In March, hearing the word “quarantine” rang a bell for me. I could not pinpoint the exact year but roughly around 2014, in a school of about 400 students, over 50% were ill. At the time, I was a fresh GCSE student walking around with a mask in a school that looked eerily like this year’s lockdowns. We weren’t under lockdown but our school hospital (or what we called ‘Hoz’) was essentially quarantined as it was overcrowded. It got to a point that beds were made in the locker rooms. This was the annual outbreak and every year it was different and unpredictable. Some years it came during the winter and sometimes during the summer. However, there were only two main categories- flu and gastroenteritis. Imagine half of the school throwing up or getting the shits. It haunts me to this day.

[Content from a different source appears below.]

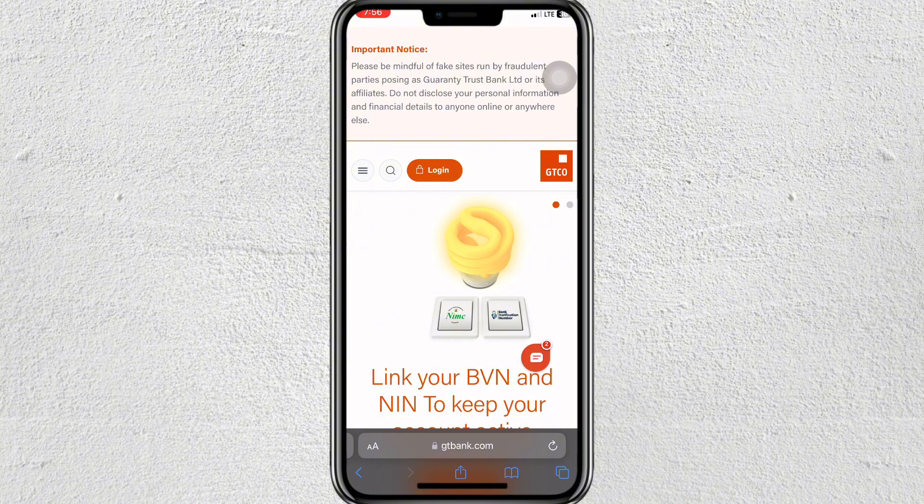Under your profile or account information, your Bank Verification Number will be displayed, usually labeled as BVN. Take note of the 11-digit BVN for any personal or banking purposes.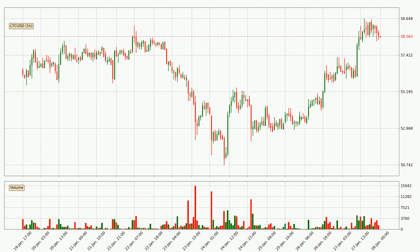Looking at the hourly time frame for Litecoin, the price moved up with around 3.4% in the last 24 hours, with a current price of 58.6. But the volume wasn't very high so the move wasn't very strong.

Even with all the resources available it is simply impossible to have low infection rates
There was no escaping this annual epidemic, whether staff or student. You were lucky if you got the mild infection and an absolute warrior if you were healthy the entire year. Hoz was considered the go-to excuse to get out of class but during this yearly epidemic, we had to bid a temporary goodbye or farewell to some of our weak brethren.
An international boarding school sounds like a breeding ground of diseases, but this is at a micro scale. What happened every year in my school is happening all over the world with the coronavirus- hospitals overflowing and people quarantined.
So, if a small boarding school found it difficult to manage their yearly outbreaks, how can we expect thousands of schools to navigate through a pandemic? Even with all the resources available it is simply impossible to have low infection rates, unless it is a boarding school where students can be quarantined. Not every school is a boarding school and not every school is a private body that can provide online classes.
Even with the regular flu outbreak in my school, I could hardly meet my friends who were ill and just walking past the Hoz building, your face was greeted with the thick, heavy and warm air of sickness. COVID-19 is far from being the regular flu outbreak in my school. In a large public school, where there are not tens but hundreds and thousands of students, it not only seems dangerous but outright disgusting to have kids breathing this sickening air. As the World Health Organisation (WHO) and numerous scientists have said, “young people are not invincible” and there’s also the risk of exposing their families to it.
Many US schools have gotten the all clear to reopen this fall and currently, the US is leading the world in the number of active coronavirus cases. Most schools are being reopened for in-person classes in COVID-19 hotspot states like Georgia and Florida. It is easier to discipline older students to wear a mask or keep a distance by teaching them the science, but it is extremely difficult to keep elementary school students away from each other let alone in a mask all day. Economically, it is an advisable option to send younger students to schools first, as their parents will be able to return to work. Privileged and affluent families can afford to hire private tutors or babysitters. Though the risk of exposure to the virus is lower it is still a risk nevertheless for both tutor and student. Most people cannot afford such luxuries and have no choice but to send their children back to school. So, what is the solution?
These yearly epidemics had certainly prepared my school when coronavirus arrived
An initial suggestion has been to delay the reopening of schools and in the meantime, put in place an intense crackdown on the pandemic. We all know that enforcing masks has been turned into a political outcry for most right-wing supporters, so America is in a fix. However, the debate around wearing masks is not a debate. The US government can easily enforce strict measures to make masks essential in public spaces. Overtime, infection rates will reduce, and it will be safer for students to go back to school. However, the rush to supposedly save the economy by reopening schools and the lack of empathy from the Trump administration has made America the Florida of the world.
The annual epidemics in my boarding school were usually short-lived. This was primarily because we were able to contain them with the tireless efforts of the medical staff and administration. Those in quarantine returned to the dorms and classes within ten days. Preventions were also implemented. At the start of every term, each boarder was given deworming medication, vitamin tablets with every breakfast and the embarrassing head lice checks- one dorm witnessed a lice outbreak because a student loved hugging people too much. These yearly epidemics had certainly prepared my school when coronavirus arrived because as an alumni, I got an update from my school in early March that the school was closing, everyone was returning home and there was an early graduation as well.
We have all learned lessons from this pandemic. Though we weren’t ready for this pandemic, in this decade with the amount of technology we have, we could not have been more prepared. It is a new virus, but we know what precautions can be taken to prevent its spread until a vaccine arrives. So, reopening schools for in-person classes is a far-fetched idea at the moment.